Goal of the exercise: All of the data should be restated word for word, with the pictures omitted.

[Data Boundary: Start]

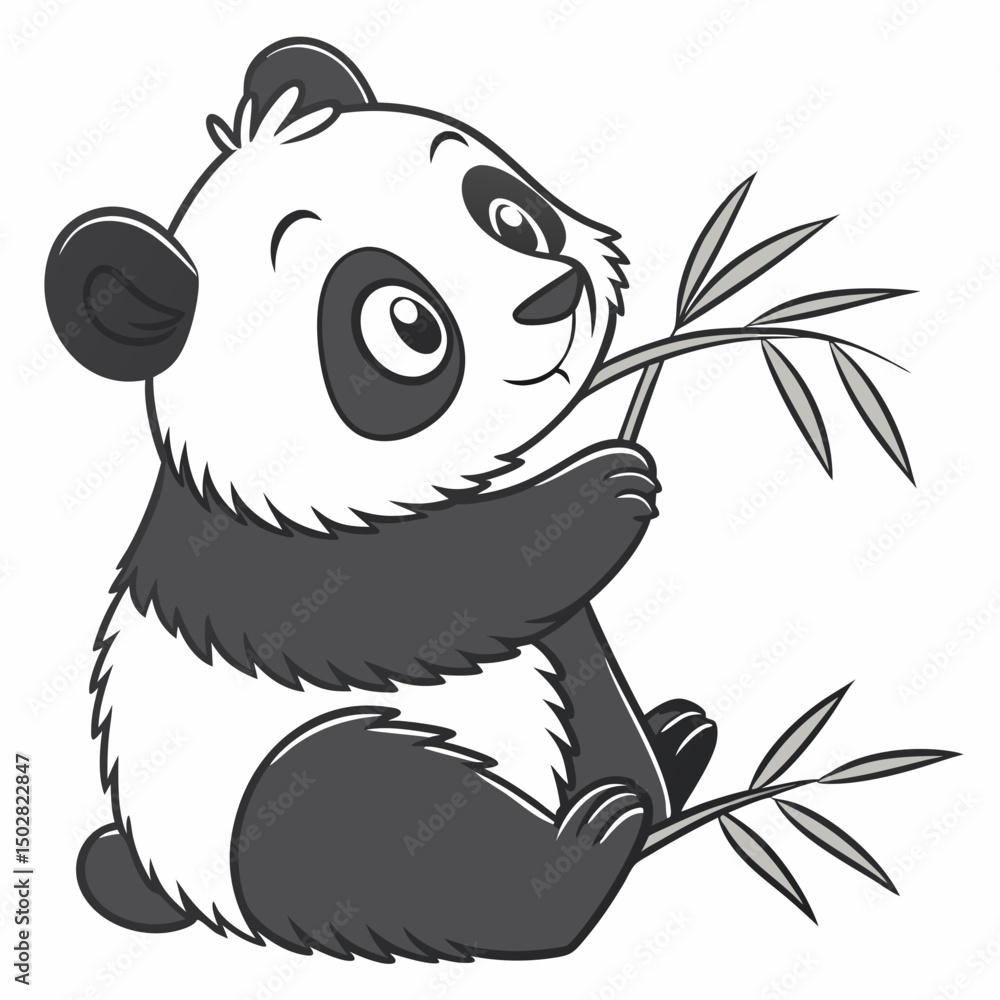 Fototapeta premium a cute panda full view icon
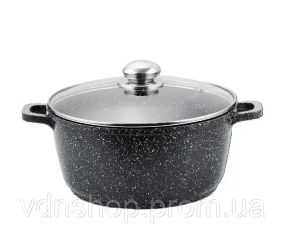 Кастрюля казан с крышкой Benson BN-297 из литого алюминия и мраморным антипригарным покрытием объемом 1.5 л.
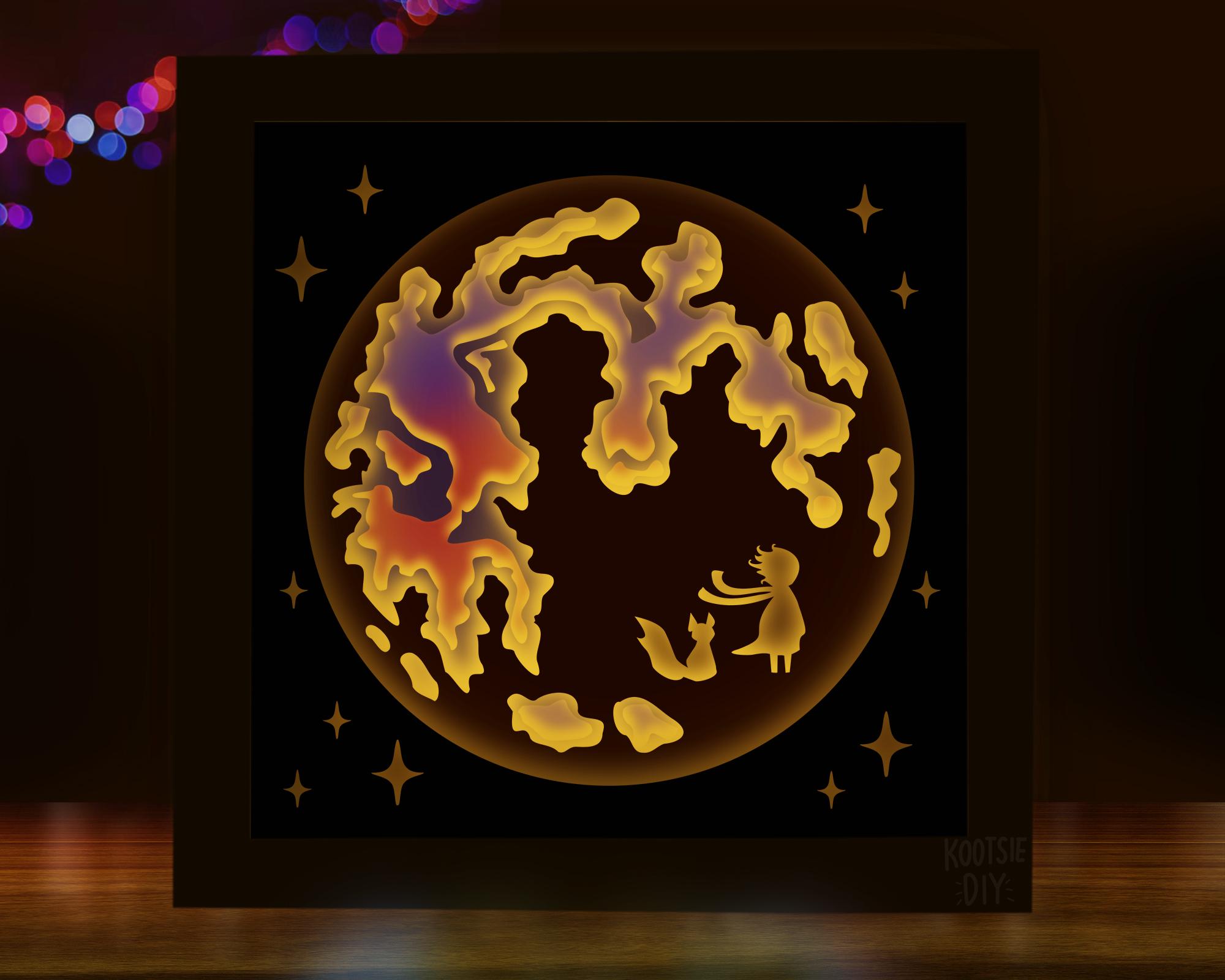 Moon 3D SVG Shadow Box Template for Cricut | DIY Paper Cut Light Box ...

[Data Boundary: End]

Exercise answer:
 Fototapeta premium a cute panda full view icon
 Кастрюля казан с крышкой Benson BN-297 из литого алюминия и мраморным антипригарным покрытием объемом 1.5 л.
 Moon 3D SVG Shadow Box Template for Cricut | DIY Paper Cut Light Box ...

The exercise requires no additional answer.